Tsipras’ plans are twofold. On the one hand Syriza wants, with the EU, to renegotiate Greece’s debt and the macro-economic policy to which Greece is currently bound, and on the other hand restore parts of the welfare state, which under the pressures of austerity has been stripped to the bone. This is urgently needed, as under Samaras the Greeks have seen their economy shrink by 25%, extreme poverty has doubled, while people in financial need eventually saw their access to basic services such as health care and electricity denied. Meanwhile, a quarter of the Greek population is without work, a figure which rises to half amongst young people. Greece will need years to repair the damage caused by austerity policies.

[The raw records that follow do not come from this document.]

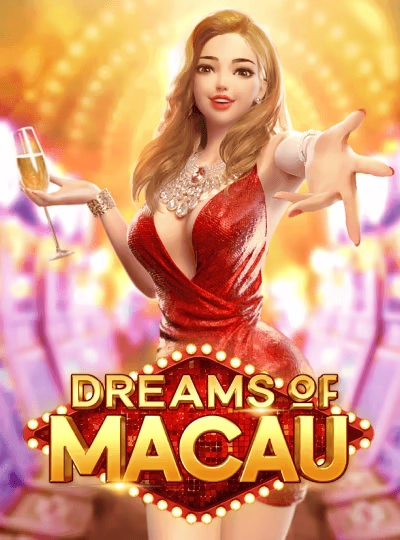 Fruit slot machine game cover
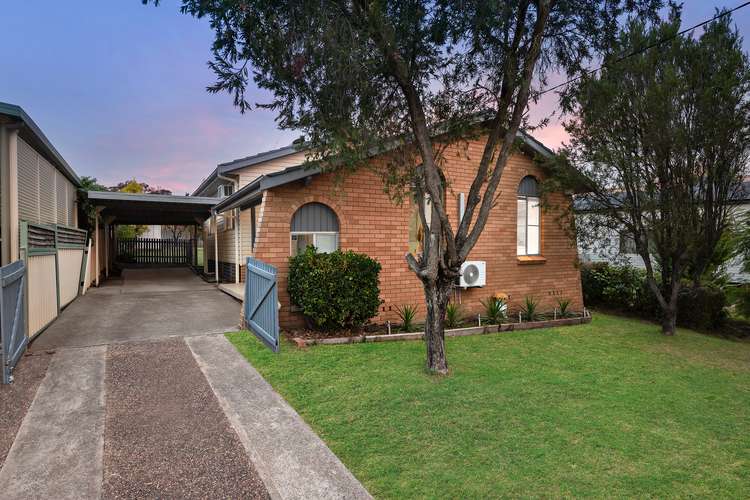 Main view of Homely house listing, 227 Mathieson Street, Bellbird NSW 2325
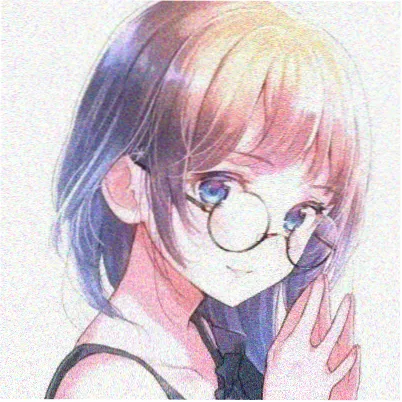 再爱我一次 主角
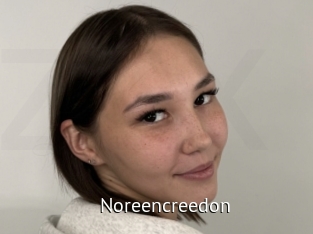 Noreencreedon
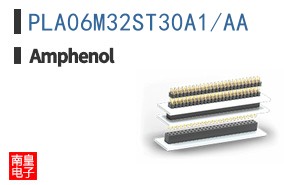 PLA06M32ST30A1/AA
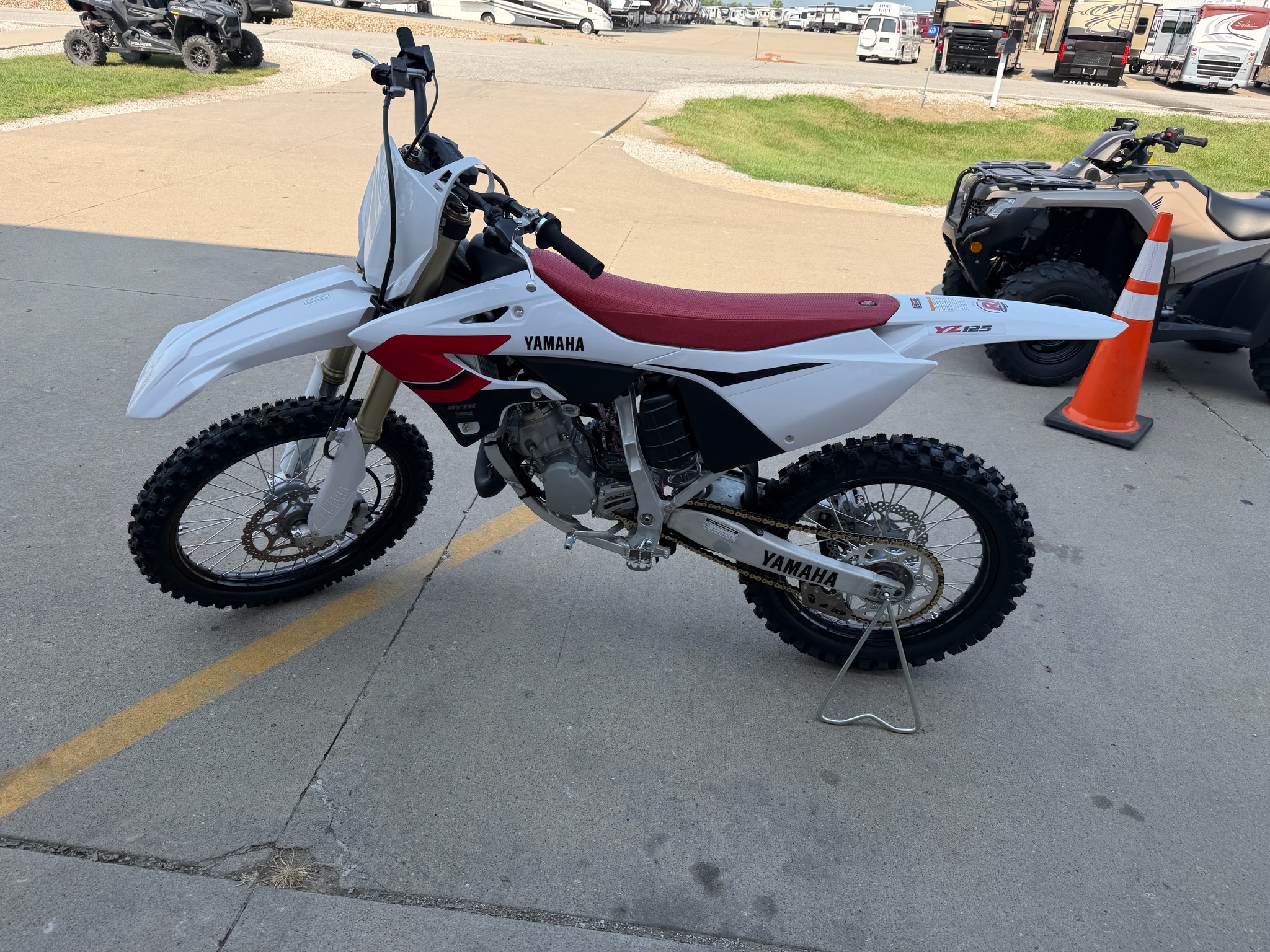 powersport image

Syriza has made some big promises: the creation of 300,000 jobs, reversal of the cuts in salaries and pensions, the neediest to receive free food, health care and public transport, and ensuring that no longer could people be evicted as a result of being unable to afford to pay their mortgage. Some of its plans, moreover, the government has already put into effect: in addition to rehiring sacked officials, the privatisation of the port of Piraeus and the state energy company PPC will be retracted and the minimum wage raised to €751, the norm before the country was forced to reduce the sum to €500. Syriza wants to see the Greek people in the first place in work, paid a fair wage and provided with a social safety net. Looked at in this way, the economic programme is not radical left, but should rather be called classic social democracy.
In foreign policy too Greece is changing direction. On its very first day the new government made it clear that it did not support the present EU policy towards Russia, that it wanted no new sanctions against Russia because the sanctions policy had not produced the desired effects. In this they are correct. Fresh sanctions will lead to further escalation and that is not only against European interests but plain dangerous. The new government is expected in addition to adopt a critical stance in relation to Israel and to recognise the Palestinian state. The Netherlands should take its lead from this. The Greeks also have stern criticisms of NATO, reproached as a Cold War alliance. These are sore points at European level, and because of that could contribute to a fresh, critical debate on EU foreign policy.
How much of its programme the Greek government can realise is partly dependent on the EU’s attitude, on whether or not Greece can be given the necessary space to invest in its wrung-out economy. This will be negotiated shortly. The EU’s opening position will be to cry blue murder over the bad example that debt relief would set to other countries subject to the European austerity regime. The fact is, however, that pretty well everybody knows that the Greek debt as such is unsustainable. To continue to deny this is to do nothing but throw sand in the eyes of one’s countries own voters, just as was done when the loans were extended to Greece in the first place and people were told, including by the Dutch government, that the money would be returned with interest. For these reasons what’s being sought is a longer payback term for the loans, lower interest rates and forbearance within the Stability and Growth Pact so that the Greek economy is helped and a chance of the debts being paid remains.
The Greek people have voted en masse for a party which is free of corruption and wants to make a serious attempt to address the moral issues surrounding taxation, impose heavier taxes on the superrich and save what’s left of the welfare state. In Spain the electorate might well follow that example. Its fresh policies mean that the Greek government is holding up a mirror to other European countries, one into which, however, other governments don’t yet dare to look. In our view EU economic policy has not led to restoration but to further destruction, and it’s high time it was changed. The Greek election result forms the icebreaker needed to bring about this change, and in that it’s good news for all Europeans.
Harry van Bommel and Arnold Merkies are Members of the Dutch Parliament for the SP and respectively spokesmen on European Affairs and Financial Affairs. A shortened version of their article appeared on 31st January, 2015, in the national newspaper Het Parool.